━━ Source material

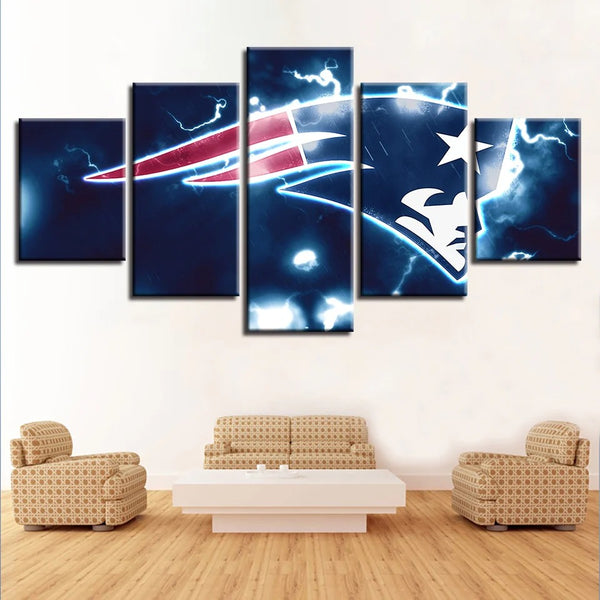 NFL Football Team New England Patriots Electric Storm 5 Piece Canvas Wall Art Painting Wallpaper Poster Picture Print Photo Decor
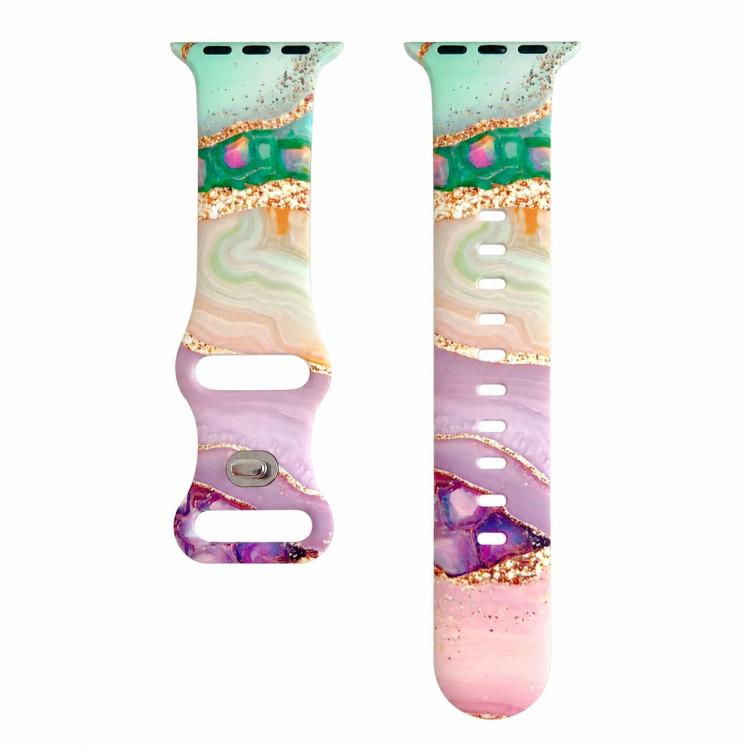 Cinturino per orologio in silicone con fibbia a rovescio e stampa effetto marmo dipinto., For Apple Watch 46mm / 49mm / 45mm / 44mm, For Apple Watch 42mm / 41mm / 40mm / 38mm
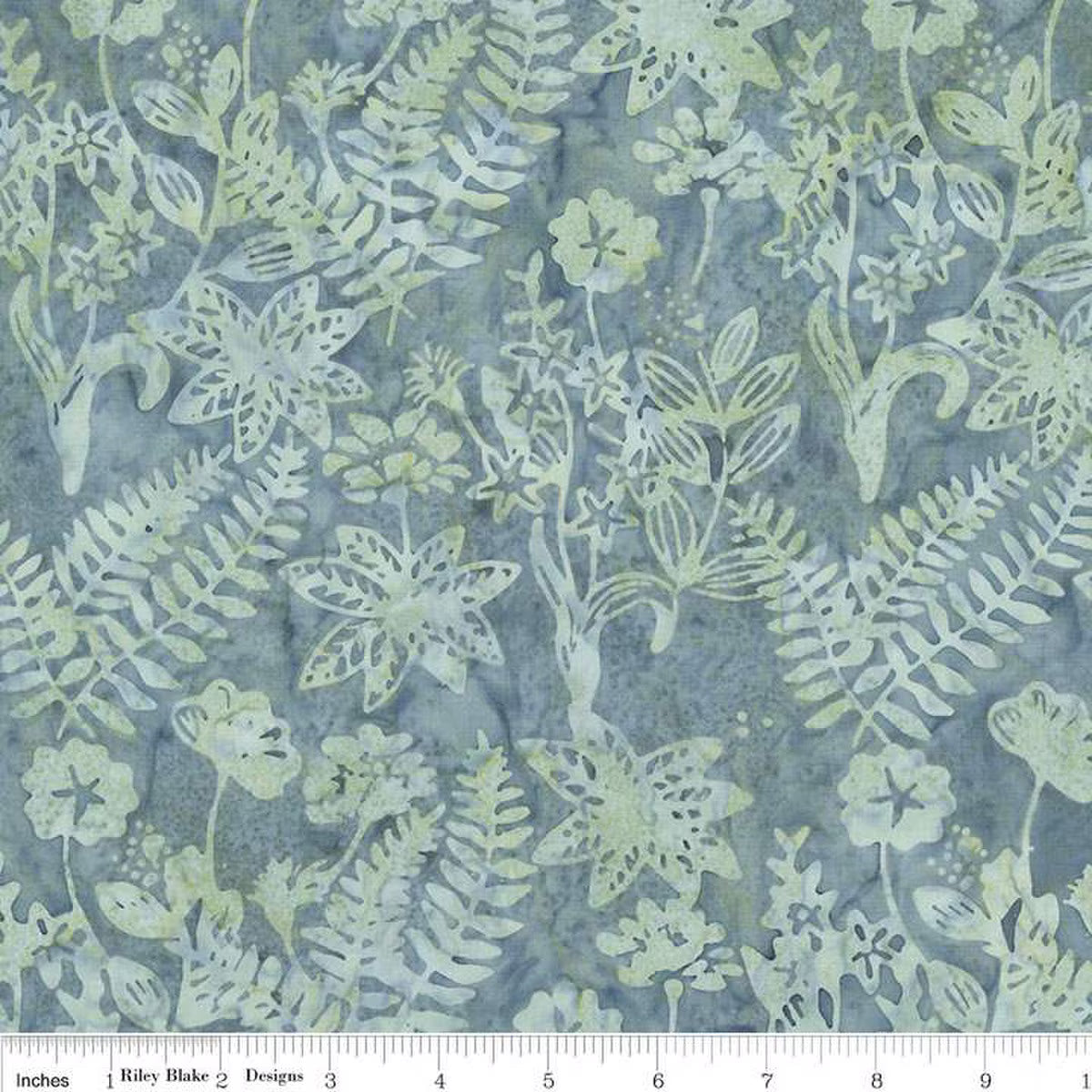 Batiks Floral Grid Adriatic Mist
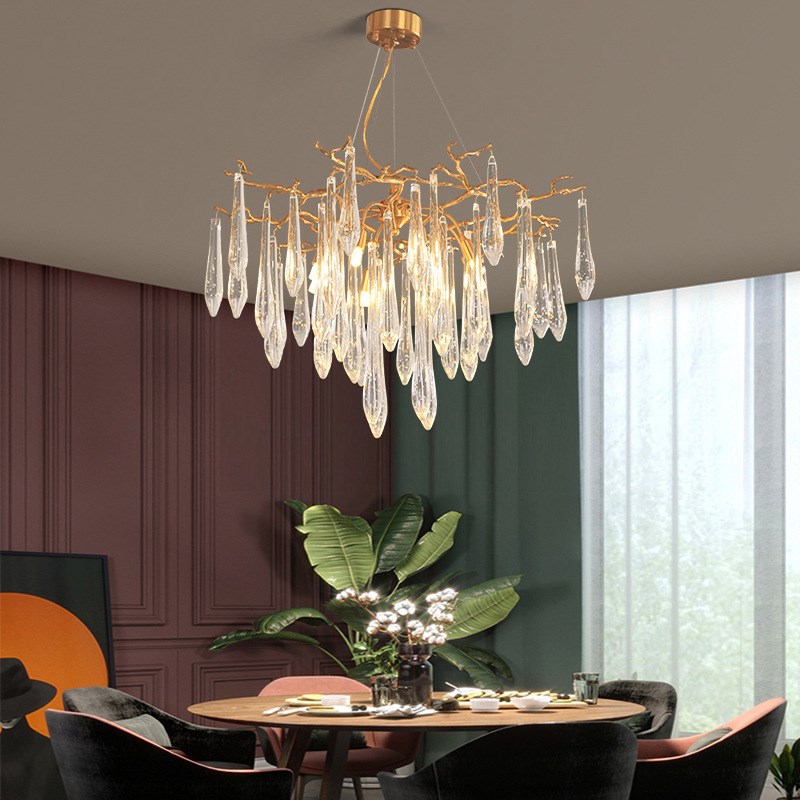 全铜树枝吊灯后现代客厅水晶灯A北欧简约卧室餐厅大气网红轻奢灯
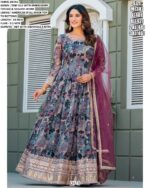 New Party Wear Look Taby Silk Printed With Embroidery Work Gown With Dupatta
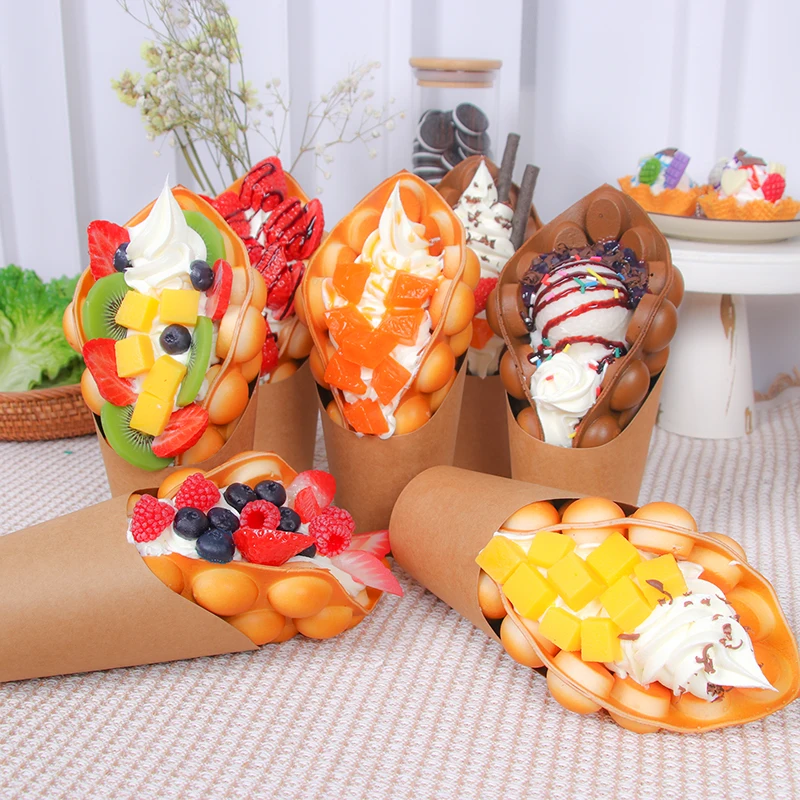 1PC  Artificial Fruit Egg Puff Cup Fake Food Decoration Photography Pro Food Simulation Cake Model Random Delivery FCYY-066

━━━━

### About this task
Reproduce the entries above exactly. Do not include the images.

### Your response
 NFL Football Team New England Patriots Electric Storm 5 Piece Canvas Wall Art Painting Wallpaper Poster Picture Print Photo Decor
 Cinturino per orologio in silicone con fibbia a rovescio e stampa effetto marmo dipinto., For Apple Watch 46mm / 49mm / 45mm / 44mm, For Apple Watch 42mm / 41mm / 40mm / 38mm
 Batiks Floral Grid Adriatic Mist
 全铜树枝吊灯后现代客厅水晶灯A北欧简约卧室餐厅大气网红轻奢灯
 New Party Wear Look Taby Silk Printed With Embroidery Work Gown With Dupatta
 1PC  Artificial Fruit Egg Puff Cup Fake Food Decoration Photography Pro Food Simulation Cake Model Random Delivery FCYY-066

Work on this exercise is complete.